The data

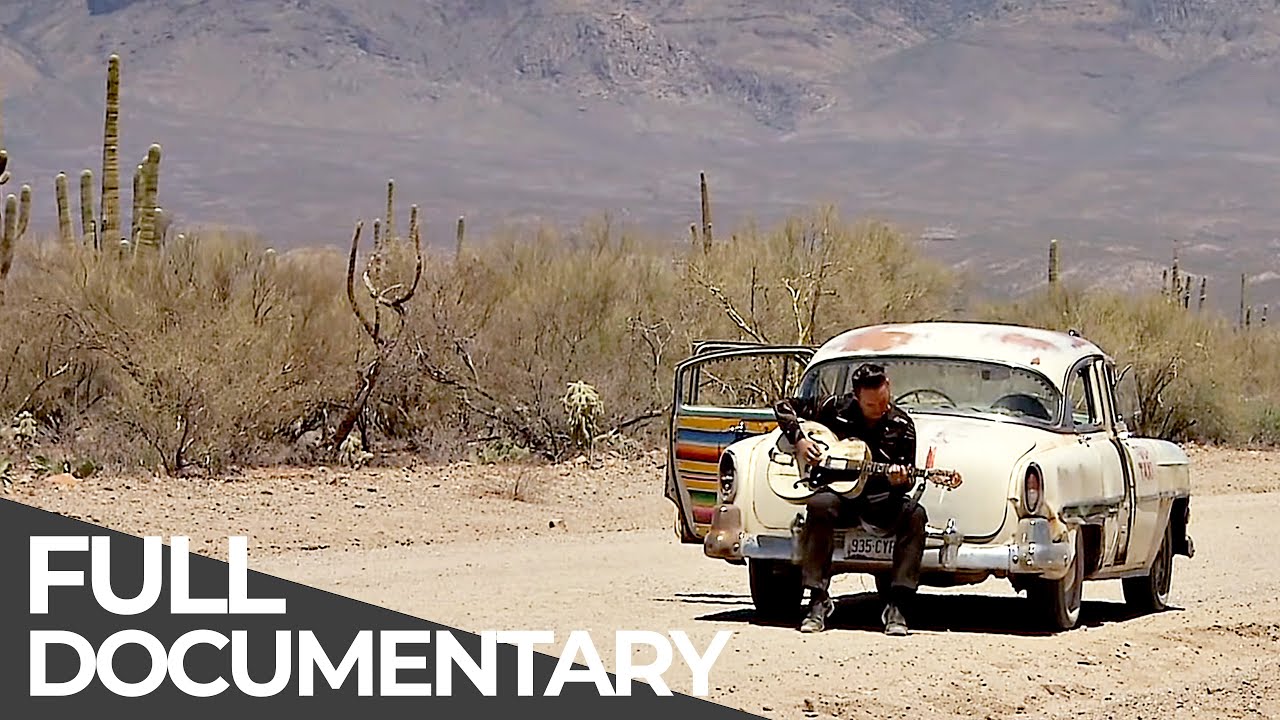 Amazing Quest: Stories from the USA | Somewhere on Earth: USA
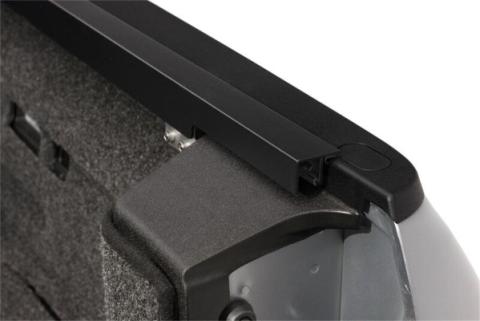 Solid Fold 2.0 Tonneau Cover Black Textured Paint 2017-2026 Honda Ridgeline Extang
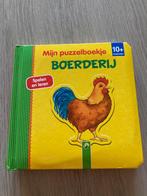 4 mooie boekjes voor baby en peuter. Zr. g. st., Boeken, Ophalen of Verzenden, Uitklap-, Voel- of Ontdekboek, Zo goed als nieuw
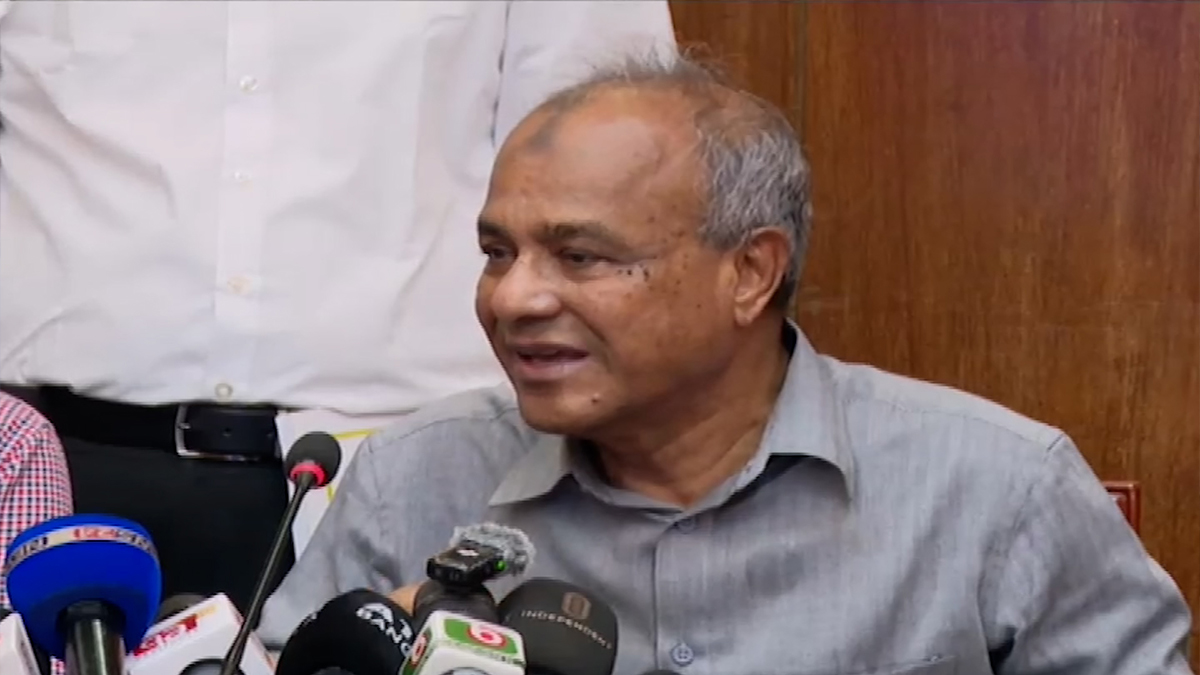 রাকসু-চাকসু নির্বাচনও ভালোভাবে হবে, আশা স্বরাষ্ট্র উপদেষ্টার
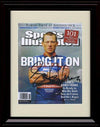 Unframed Lance Armstrong SI AutographPromo Print - "Bring It" Unframed Print - Other FSP - Unframed   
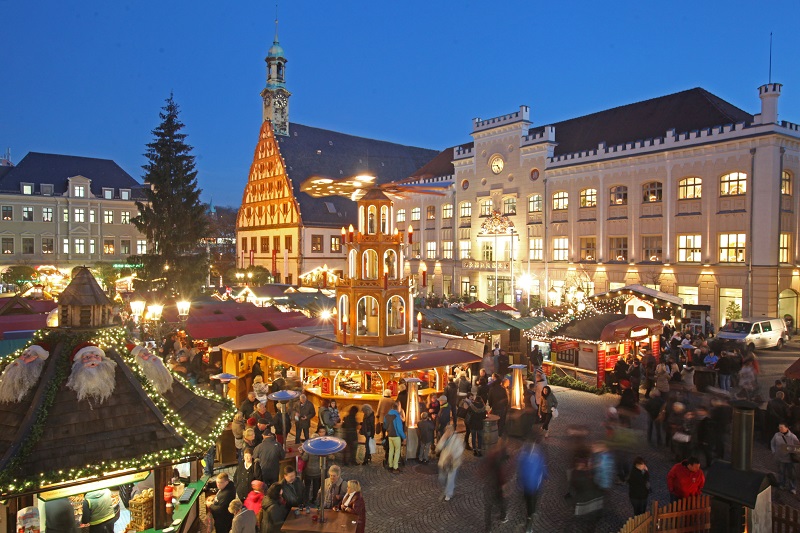 Wie Lange Hat Weihnachtsmarkt Offen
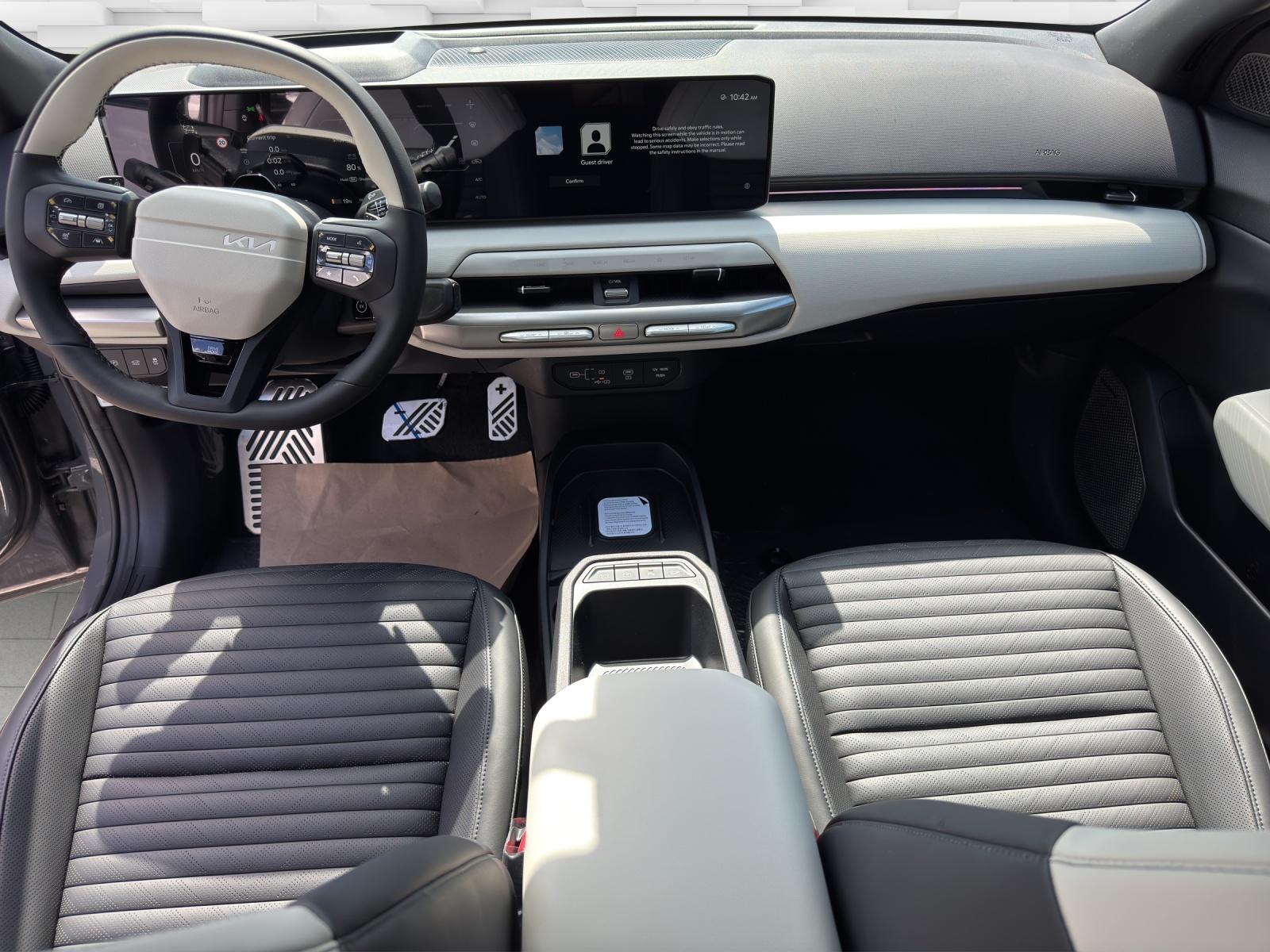 KIA EV4 Fastback 81 kWh GT-Line-image-6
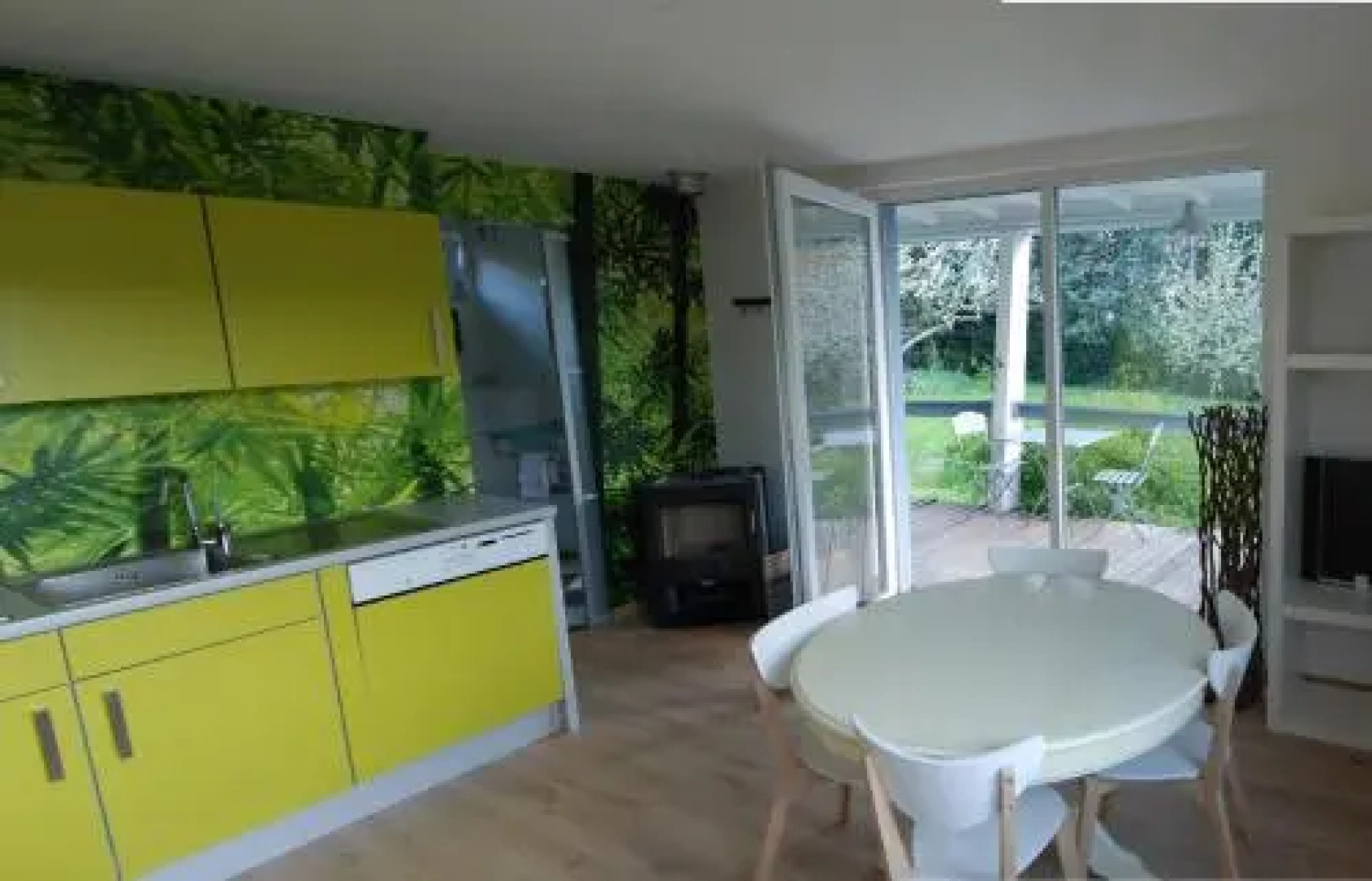 Gîte Les Deux Hêtres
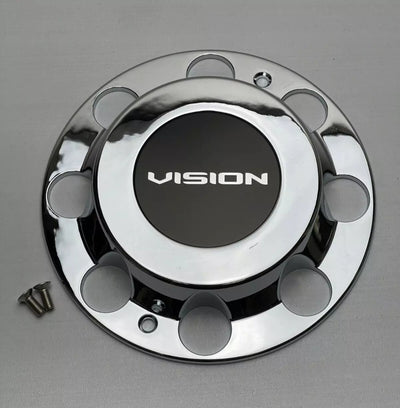 Chrome Frnt Bolton Cap - C181Z210F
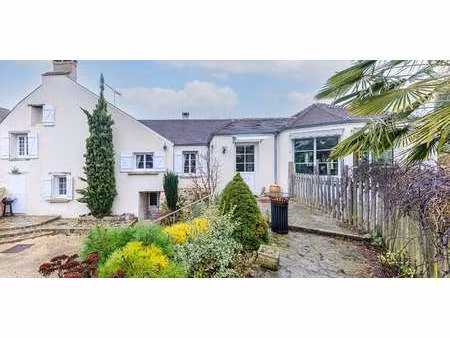 maison avec terrasse frémainville (95)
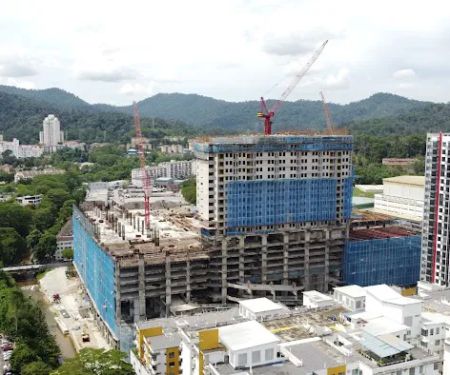 162 Residency Selayang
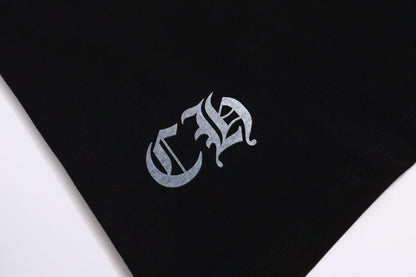 KLC22 New men's and women's pure cotton long sleeved casual clothes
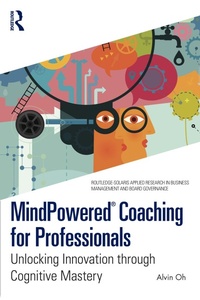 Abbildung von: MindPowered (R) Coaching for Professionals - Routledge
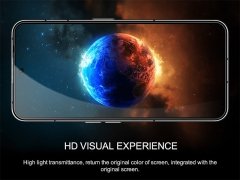 بهترین محافظ صفحه نمایش شیشه ای ناتینگ فون 2 نیلکین Nillkin Nothing Phone 2 CP+Pro tempered glass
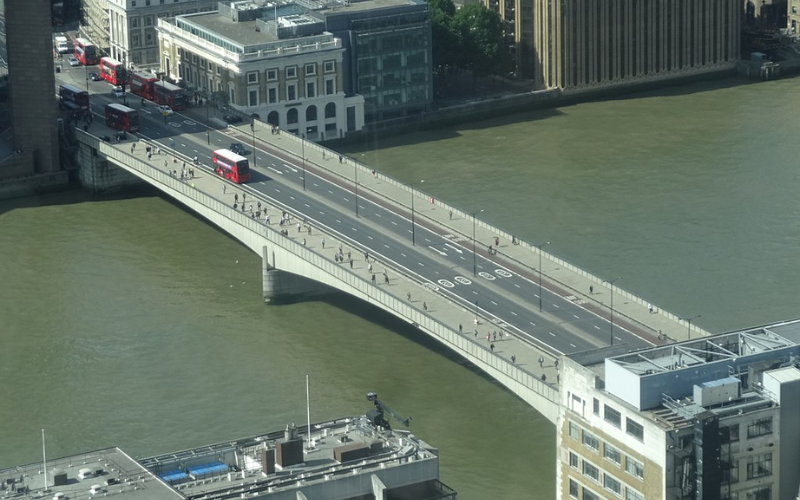 A Gruesome Turn of Events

Exercise goal
Restate the material word for word, minus pictures.

Expected answer
 Amazing Quest: Stories from the USA | Somewhere on Earth: USA
 Solid Fold 2.0 Tonneau Cover Black Textured Paint 2017-2026 Honda Ridgeline Extang
 4 mooie boekjes voor baby en peuter. Zr. g. st., Boeken, Ophalen of Verzenden, Uitklap-, Voel- of Ontdekboek, Zo goed als nieuw
 রাকসু-চাকসু নির্বাচনও ভালোভাবে হবে, আশা স্বরাষ্ট্র উপদেষ্টার
 Unframed Lance Armstrong SI AutographPromo Print - "Bring It" Unframed Print - Other FSP - Unframed   
 Wie Lange Hat Weihnachtsmarkt Offen
 KIA EV4 Fastback 81 kWh GT-Line-image-6
 Gîte Les Deux Hêtres
 Chrome Frnt Bolton Cap - C181Z210F
 maison avec terrasse frémainville (95)
 162 Residency Selayang
 KLC22 New men's and women's pure cotton long sleeved casual clothes
 Abbildung von: MindPowered (R) Coaching for Professionals - Routledge
 بهترین محافظ صفحه نمایش شیشه ای ناتینگ فون 2 نیلکین Nillkin Nothing Phone 2 CP+Pro tempered glass
 A Gruesome Turn of Events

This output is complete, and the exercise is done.